The study found an alarming majority of fruit and vegetable pickers in Australia were victims of wage theft, with nearly 80 percent of 1300 horticulture industry workers reporting experiences of underpayment.

The survey, conducted by Unions NSW and the Migrant Workers Centre in Victoria, was the latest to expose the inhumane treatment of the workforce, which was accused of systematically exploiting vulnerable overseas workers on temporary visas.

Ms. Hsu told the NCA NewsWire she was a victim of the payment structure known as ‘piece rate’, where workers were paid by the quantity of fruit or vegetables they picked during a shift. “I was paid, at the lowest, $4 per hour,” she said through an interpreter about her experience picking fruit in Renmark, SA.
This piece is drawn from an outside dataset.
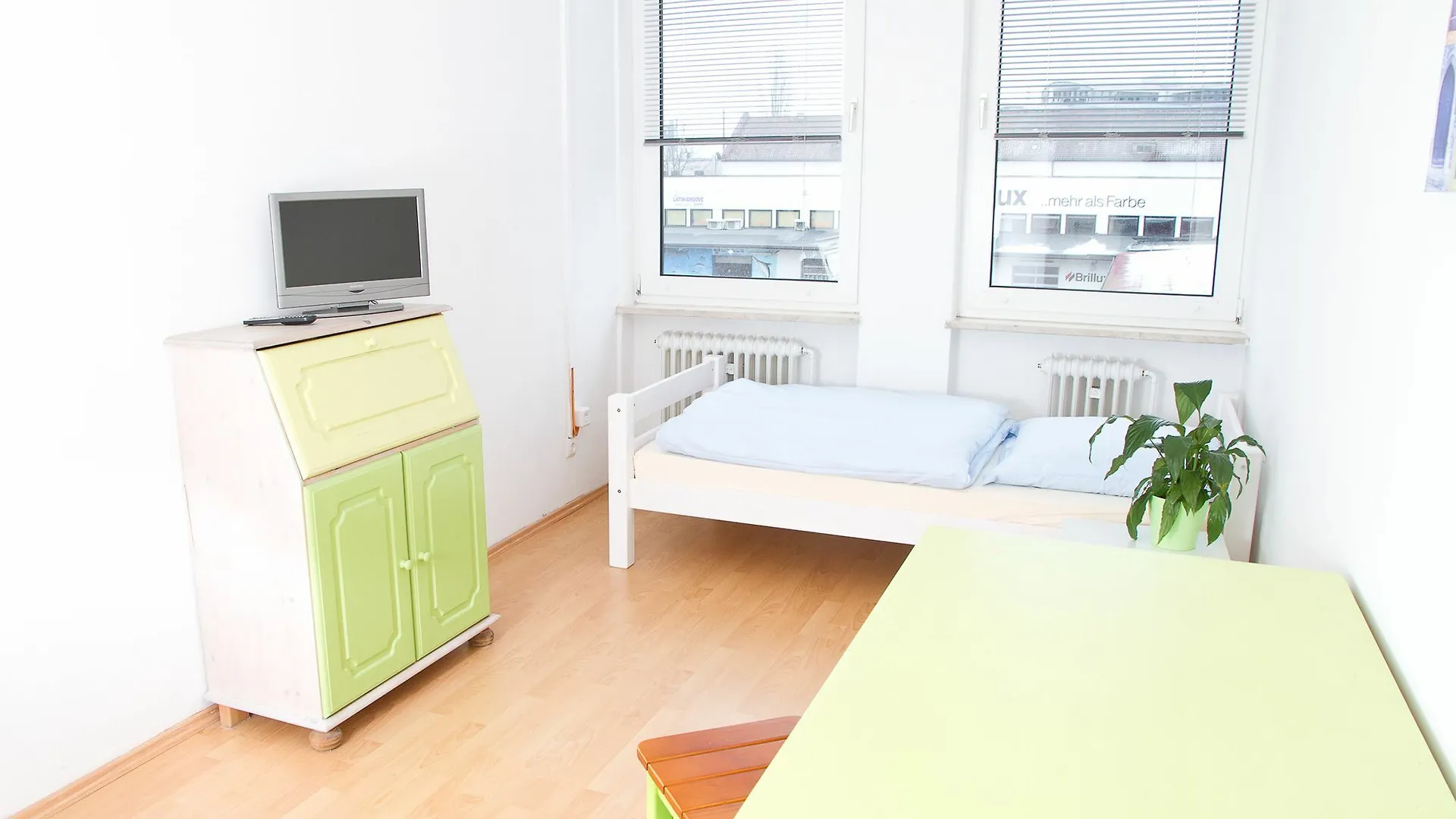 Pm-Rooms München 0*,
“I went dumpster diving to find food in recycling bins at supermarkets when I didn’t have enough money.” Unfortunately, according to the survey, Kate’s story is too familiar, which found that most piece-rate workers were underpaid, with some receiving as little as $1 an hour and only 2 percent paid a legitimate rate of $26 an hour.

Workers

The lowest daily wages were reported by piece-rate workers employed on grape and zucchini farms, earning on average $9 per day, followed by blueberry farmworkers who averaged $10 per day. Unions NSW secretary Mark Morey said wage theft in the agriculture sector “is just a business model”, where “migrant workers are consistently underpaid well below the minimum rate”.
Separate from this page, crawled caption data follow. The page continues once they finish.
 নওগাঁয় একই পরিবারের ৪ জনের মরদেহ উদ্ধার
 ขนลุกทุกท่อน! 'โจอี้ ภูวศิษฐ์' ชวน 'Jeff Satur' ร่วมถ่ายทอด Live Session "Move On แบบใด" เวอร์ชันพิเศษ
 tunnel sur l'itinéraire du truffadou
He said the horrific treatment went beyond underpayment, with many overseas workers left vulnerable as their employees had the power to influence their visa status. “Sexually harassed, physically assaulted, often threatened with ‘well if you don’t like it, you can go’,” Mr. Morey told NCA NewsWire.

“Many of these workers are out there for 88 days to try and extend their visa for a second year, so they’re kept out there. We’re sending young people out there to be exploited, but there’s no ability to complain about it.” Migrant Workers Centre director Matt Kunkel said the survey proved workers were starved of earning a living wage.

“Farm managers are engaging in rampant wage theft and outright abuse,” he said. “Many are also responsible for injuries sustained by workers, along with discrimination, bullying, sexual assault, and harassment. “This is a shameful, inhumane, and blatantly racist way to treat migrant farmworkers on whom we depend for so much of our food – and who pay their taxes in this country.

“We are demanding the federal government undertake a range of urgent measures to address this catastrophic situation.” Mr. Morey said he was frustrated by the standard narrative shared by commentators and politicians who implied unemployed Australians was lazy and should go to the regions to pick fruit.

“People who have been out there tell their friends and families what’s happened to them — you work hard all day in a 9-12 hour shift not making the minimum pay rate, you’ve been exploited, you’ve been abused or assaulted,” he said. “All these stories come through, so why would you go and do a job where you know you will get underpaid?”